Task prompt: Below are records with pictures in them. Output exactly the lines from the one with "結婚式の写真。大きな湖のそばで楽しく踊る若い夫婦。限定フォーカス。高品質の写真" through the one with "Ripe chili pepper", both included, and leave every picture out; give only those lines.

Data:
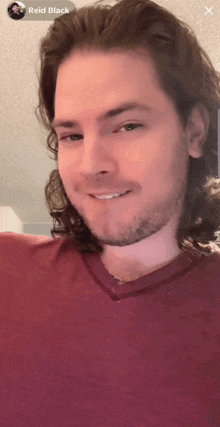 a man with long hair and a beard is wearing a red shirt with the name reid black on the bottom right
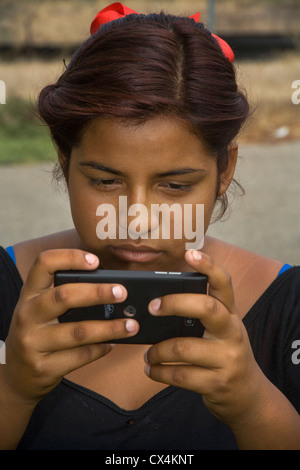 Eine aufgeregt hispanischen Mädchen liest eine Mobbing Nachricht auf ihr Smartphone. Stockfoto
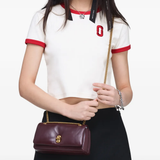 Brown bag worn by a person, showing the bag fit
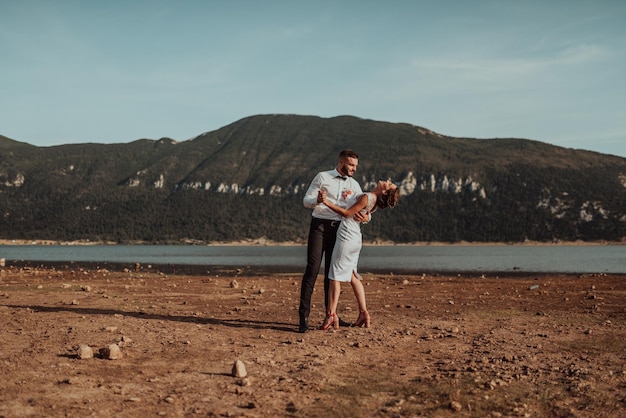 結婚式の写真。大きな湖のそばで楽しく踊る若い夫婦。限定フォーカス。高品質の写真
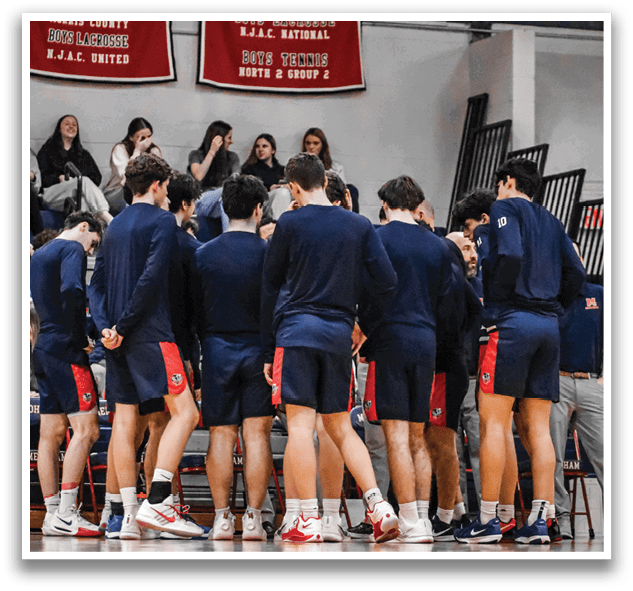 A group of young men wearing blue and red uniforms are standing in a circle on a basketball court. They are all looking down at the ground, possibly discussing their game strategy or listening to their coach. AI generated content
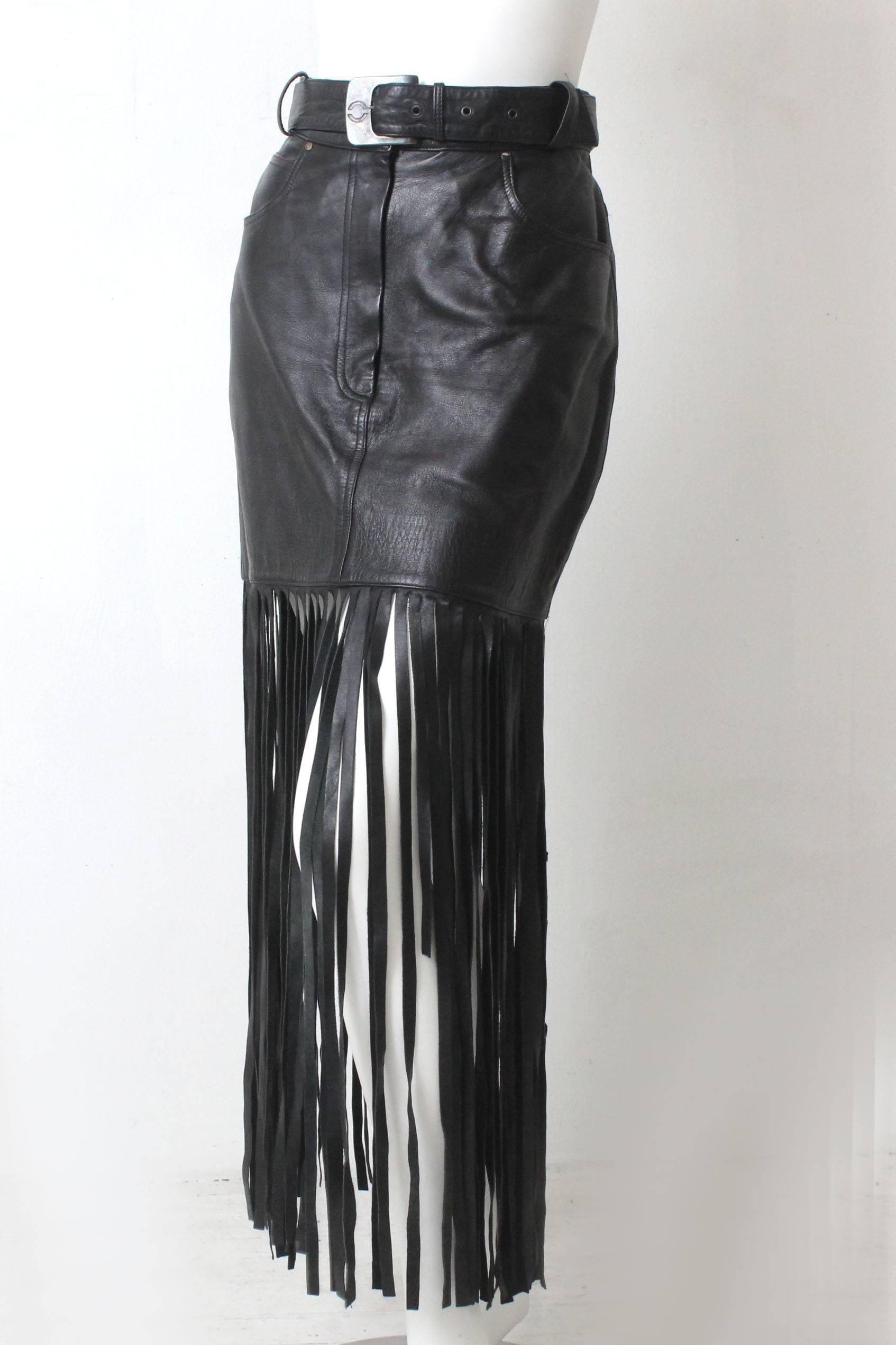 This butter soft body hugging leather skirt is by Claude Montana. It is a very sexy design with floor length fringe. It comes with a matching belt in black leather with a gun metal buckle that is stamped with a Claude Montana C logo.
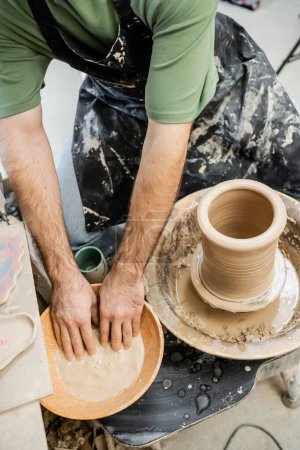Téléchargez les photos : Vue du dessus du potier masculin dans le tablier travaillant avec de l'eau dans un bol et de l'argile sur une roue de poterie en atelier - en image libre de droit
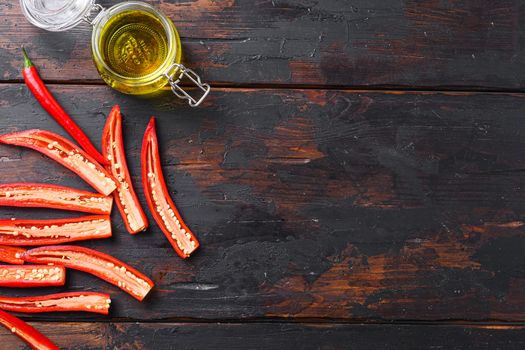 Ripe chili pepper sliced for making spicy olive oil over old dark wooden table top view space for text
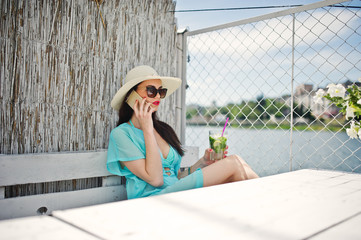 Sweet young lady wearing hat and sunglasses with a cocktail using her smartphone while sitting by the lake.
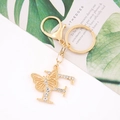 Close-up of golden letter F keychain with sparkling crystal butterfly on an art card - Letter F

Response to this exercise:
 結婚式の写真。大きな湖のそばで楽しく踊る若い夫婦。限定フォーカス。高品質の写真
 A group of young men wearing blue and red uniforms are standing in a circle on a basketball court. They are all looking down at the ground, possibly discussing their game strategy or listening to their coach. AI generated content
 This butter soft body hugging leather skirt is by Claude Montana. It is a very sexy design with floor length fringe. It comes with a matching belt in black leather with a gun metal buckle that is stamped with a Claude Montana C logo.
Téléchargez les photos : Vue du dessus du potier masculin dans le tablier travaillant avec de l'eau dans un bol et de l'argile sur une roue de poterie en atelier - en image libre de droit
 Ripe chili pepper sliced for making spicy olive oil over old dark wooden table top view space for text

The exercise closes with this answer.